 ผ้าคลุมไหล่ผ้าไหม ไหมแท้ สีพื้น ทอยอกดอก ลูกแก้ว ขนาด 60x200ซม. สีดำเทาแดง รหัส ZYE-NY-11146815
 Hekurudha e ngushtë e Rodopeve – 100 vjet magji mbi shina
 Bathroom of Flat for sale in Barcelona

* * *

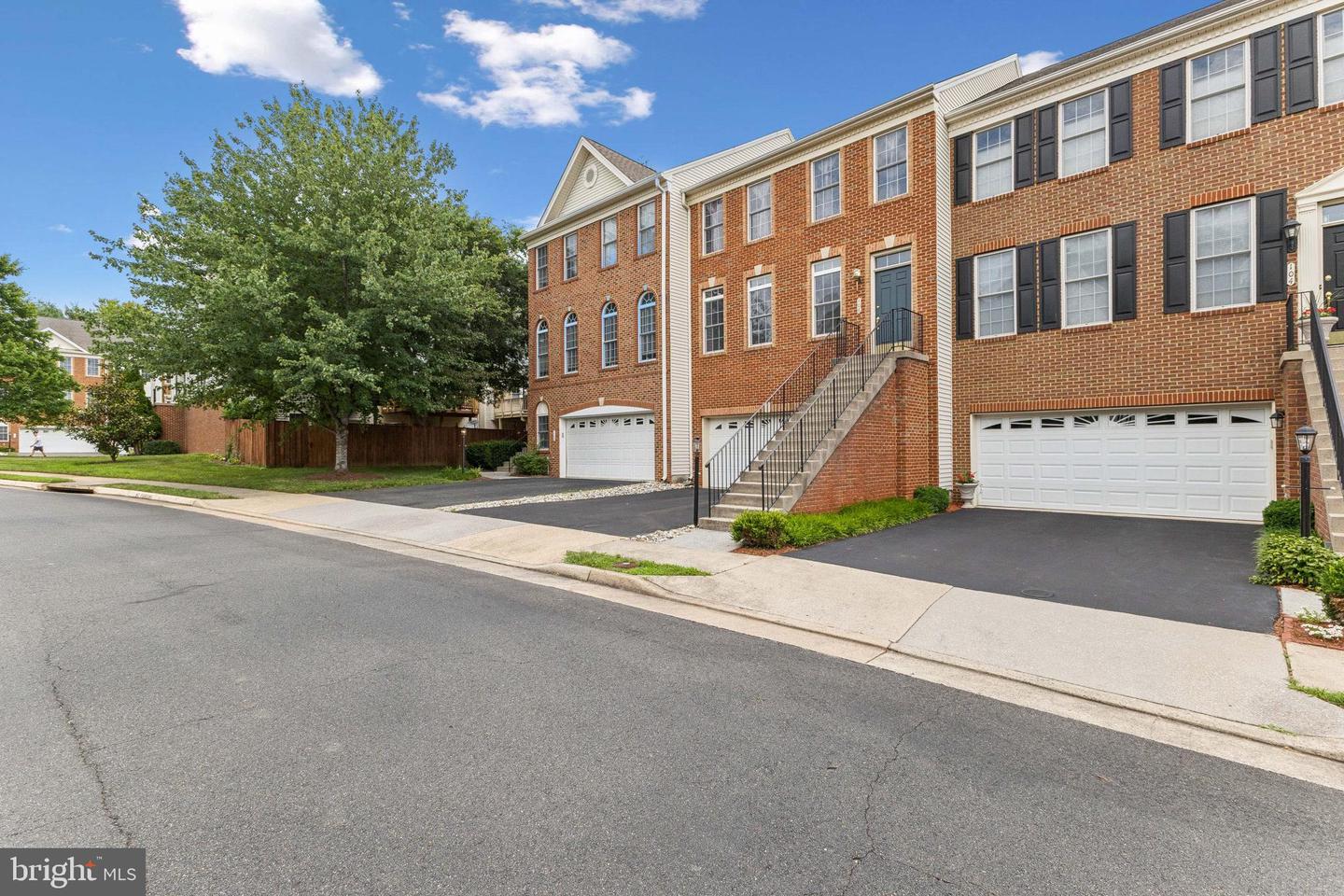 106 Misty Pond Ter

** EXERCISE **
The response should be the listing above, limited to the lines between the one holding "ผ้าคลุมไหล่ผ้าไหม ไหมแท้ สีพื้น" and the one holding "Bathroom of Flat for sale in Barcelona", inclusive, reproduced exactly.

** RESPONSE BOX **
 ผ้าคลุมไหล่ผ้าไหม ไหมแท้ สีพื้น ทอยอกดอก ลูกแก้ว ขนาด 60x200ซม. สีดำเทาแดง รหัส ZYE-NY-11146815
 Hekurudha e ngushtë e Rodopeve – 100 vjet magji mbi shina
 Bathroom of Flat for sale in Barcelona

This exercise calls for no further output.